SEN DOĞDUN YA RESULULLAH
“Ve ma erselnake illa rahmeten lil alemin”
Seni anlayabilmek, Seni anlatabilmek, Seni yaşayabilmek, Seni canından çok sevebilmek, Anam babam Sana feda olsun diyebilmek, Canımı yoluna serebilmek, Getirdiklerini benimsemek, Ayaklarının altına aldıklarını terk edebilmek, Seni yazabilmek, Yürekler güç yetirdiğince, Kalemler yazabildiğince, Denizler mürekkep olup yettiğince, Senden kat reler yazabilmek, Yoksa Seni yazabilmek MÜMKÜN MÜ? Mümkün değil YA RESULULLAH !..

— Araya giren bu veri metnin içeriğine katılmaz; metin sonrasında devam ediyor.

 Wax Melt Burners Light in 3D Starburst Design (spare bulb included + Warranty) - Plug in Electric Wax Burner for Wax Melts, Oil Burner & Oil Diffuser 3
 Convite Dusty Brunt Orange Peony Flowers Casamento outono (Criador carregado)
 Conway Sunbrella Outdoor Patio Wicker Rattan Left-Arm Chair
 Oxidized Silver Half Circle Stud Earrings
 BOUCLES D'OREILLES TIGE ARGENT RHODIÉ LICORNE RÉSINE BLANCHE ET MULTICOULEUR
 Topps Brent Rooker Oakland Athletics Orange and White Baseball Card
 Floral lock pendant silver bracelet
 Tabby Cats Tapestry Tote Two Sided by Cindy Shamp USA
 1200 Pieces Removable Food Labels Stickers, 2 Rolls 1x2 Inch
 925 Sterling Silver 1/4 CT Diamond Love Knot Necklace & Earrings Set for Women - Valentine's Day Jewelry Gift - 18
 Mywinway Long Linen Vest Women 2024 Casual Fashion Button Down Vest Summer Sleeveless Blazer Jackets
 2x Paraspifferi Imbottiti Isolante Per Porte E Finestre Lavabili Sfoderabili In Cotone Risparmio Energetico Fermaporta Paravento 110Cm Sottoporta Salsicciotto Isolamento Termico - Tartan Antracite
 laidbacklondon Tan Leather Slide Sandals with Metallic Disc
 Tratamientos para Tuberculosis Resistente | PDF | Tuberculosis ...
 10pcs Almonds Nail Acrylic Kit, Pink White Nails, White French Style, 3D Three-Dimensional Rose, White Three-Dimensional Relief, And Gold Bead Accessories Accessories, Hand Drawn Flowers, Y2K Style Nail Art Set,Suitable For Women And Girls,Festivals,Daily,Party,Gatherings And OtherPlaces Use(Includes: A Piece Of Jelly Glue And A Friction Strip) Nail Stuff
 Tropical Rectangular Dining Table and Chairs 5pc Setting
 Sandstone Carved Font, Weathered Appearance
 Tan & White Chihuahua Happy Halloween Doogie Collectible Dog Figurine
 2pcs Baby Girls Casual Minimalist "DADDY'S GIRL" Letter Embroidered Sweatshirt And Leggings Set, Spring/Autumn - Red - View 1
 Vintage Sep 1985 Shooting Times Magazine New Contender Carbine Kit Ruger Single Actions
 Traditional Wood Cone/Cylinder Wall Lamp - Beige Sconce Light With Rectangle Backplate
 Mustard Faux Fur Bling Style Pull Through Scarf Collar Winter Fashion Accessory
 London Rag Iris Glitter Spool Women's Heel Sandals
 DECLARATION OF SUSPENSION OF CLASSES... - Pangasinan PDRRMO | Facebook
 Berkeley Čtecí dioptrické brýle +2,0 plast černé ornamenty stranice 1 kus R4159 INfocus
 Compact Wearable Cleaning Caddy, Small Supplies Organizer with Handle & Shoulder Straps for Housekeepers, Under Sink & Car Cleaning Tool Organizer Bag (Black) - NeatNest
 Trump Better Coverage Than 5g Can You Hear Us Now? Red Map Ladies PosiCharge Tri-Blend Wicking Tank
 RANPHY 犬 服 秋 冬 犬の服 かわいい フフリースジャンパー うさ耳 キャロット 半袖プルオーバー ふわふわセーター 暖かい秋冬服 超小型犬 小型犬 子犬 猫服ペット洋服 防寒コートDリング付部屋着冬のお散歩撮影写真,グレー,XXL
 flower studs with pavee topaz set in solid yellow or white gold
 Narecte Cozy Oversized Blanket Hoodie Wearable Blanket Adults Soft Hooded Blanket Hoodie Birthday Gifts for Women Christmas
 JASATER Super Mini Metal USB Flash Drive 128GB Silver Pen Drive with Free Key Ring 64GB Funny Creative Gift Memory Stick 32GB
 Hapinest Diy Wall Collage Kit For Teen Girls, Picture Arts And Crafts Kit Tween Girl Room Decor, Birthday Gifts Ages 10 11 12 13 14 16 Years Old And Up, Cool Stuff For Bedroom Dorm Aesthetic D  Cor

Sen doğmadan kararmıştı dünya ! Huzur şahdamarından kesilmiş,Mutluluk kayıp adreslere gizlenmiş,İnsanlar, insanlıktan vazgeçmişti... Emniyet denen olay yok olmuştu. Güven ve itimat öldürülmüştü. Asayiş keenlemyekün... Kızlar diri diri toprağa gömülüyor. Analıklar miras diye alınıyor.İnsanlar putlara tapıyor. Kendi yaptıkları taştan putlara tapıyorlar... Güçlü zayıfı eziyor, Hak, hak sahibine değil, Güçlü olana veriliyor...İnsanlar, İnsanlar vahşete birbirleriyle yarışıyor !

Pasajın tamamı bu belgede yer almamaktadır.